A business owner (Alan) informed me in a recent analysis of his business that he had been in business 15 years. I asked how long it took to become profitable. His reply, ten years! ‘Surely you were making a profit long before the ten year mark Alan’ I added with interest? Oh sure he replied. We made healthy $$ profits after just a few years. But real profit did not begin until ten years. (By this stage he had my attention!)
After ten years of business Alan pointed out that he walked out of the factory and into his office. ‘I had spent every day working with the staff on the coal face, they all knew their place and what to do, the level of return on staffing investment was okay until the day I decided to walk out, then it took off!’
The story is an intriguing one as many small business people find they are busy working in their business and not on it, here the business took off because Alan decided to have a break form his usual routine. ‘I decided to walk out as I was getting bored with things, I sat in the office and took a long lunch, I soon realised that I was not needed so I took the afternoon off a bold move for me.
The next day I decided to sit in the office and take a look at what was happening at the other end of proceedings, the sales and reception team were answering the phone in three or four rings, but I asked myself, what if we do it in two or three? And before long I had set an unconscious benchmark that we now follow, the customers often comment on the level of service.’
What happened to make it work?
By taking the break, Alan had discovered by accident that productivity picked up and the work got done without him being there. His life became more balanced and his relationship with his wife blossomed. It worked because he managed by walking away, the team felt empowered and responsible, if a problem arose they took action to rectify the situation and got the task done.
In time Alan’s team developed automatic systems of operation that ensure that the work flows well and any challenges are quickly overcome. The team is handsomely rewarded for their efforts and absenteeism is minimal.
Alan has also developed systems within the marketing and management side of the business to maximise the overall potential of the business. ‘We were working hard and getting no where until I discovered some simple systems to keep the ball rolling and clear out the bottlenecks that showed up from time to time.’ We created some simple procedures around each aspect of the business so that we could train staff quickly and consistently and soon reaped the rewards of a motivated and self assured staff member in no time at all.

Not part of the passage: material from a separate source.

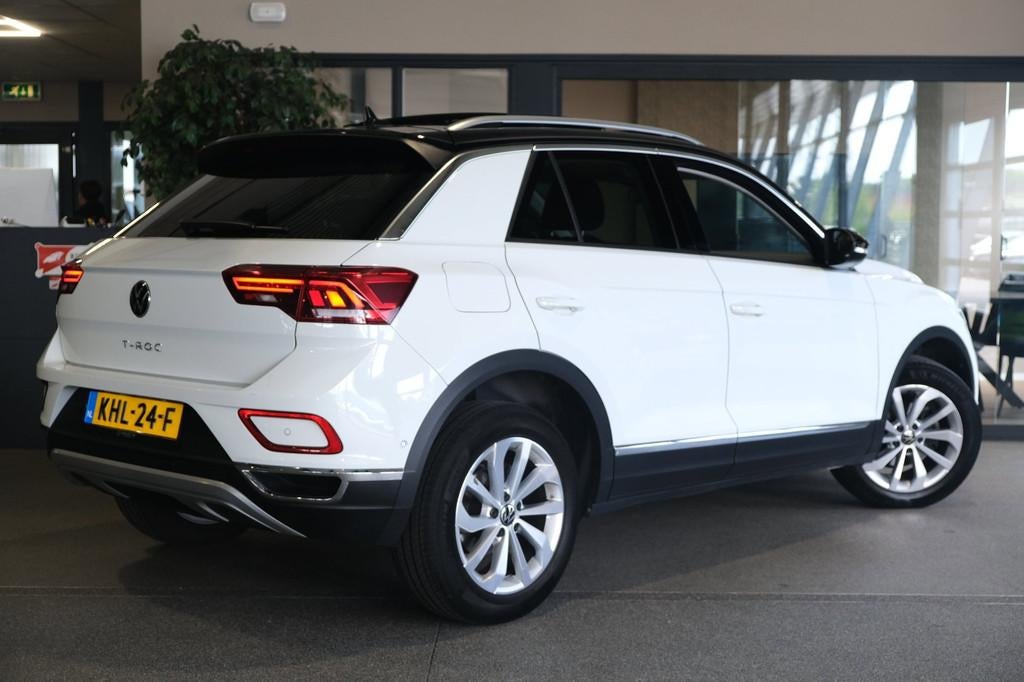 Volkswagen T-Roc 1.5 TSI Life 150PK DSG Pano IQ Led Leder Ca, Adaptive Cruise Control, Zwart, 4 cilinders, 150 pk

A major area of concern for most business people, Alan says he made the task easy, ‘We create a super wish list (job description) of what we would like and before long the recruitment agency has found what we wanted.
Alan’s success is based partially around marketing more effectively. ‘When I first spent more time in the office, I started to become excellent at asking all kinds of questions, every sales rep that was selling marketing options was run through the wringer to find the real impact that marketing option had. We soon became excellent at hitting our target market and planning our marketing with ease.’
Being good at the knitting
By trusting his staff Alan found they became more responsible for the operational side of the business. ‘I had my doubts, but now I know they can be trusted and offer a range of suggestions for improving things at all kinds of levels. We make sure we have the latest knowledge of production methods and upgrade accordingly. We know our limitations and work well within these limits.’
Developing sales skills
‘Marketing is all about selling and service’ Alan said. ‘We aim to get the clients needs figured out quickly and deliver the goods in a shorter time frame where possible, imagine the looks on their faces when a two week deadline for a production run is done in a week and a half.’
Knowing what the future holds
Alan is confident that the future is rosy but does not rest on his laurels. ‘Business can change overnight and we need to be on our toes all the time, constant research in to new ideas and methods as well as investing the profits wisely has been great advice that I recommend to anyone in business. This gives us security and peace of mind.’
Clarity of communication – the key
The main key he mentioned regularly was the clarity of communication that had been built up between the staff and the clients, which meant the team had a great way of developing the service levels of the business.
If you want success in business Alan’s story is a great one to model on.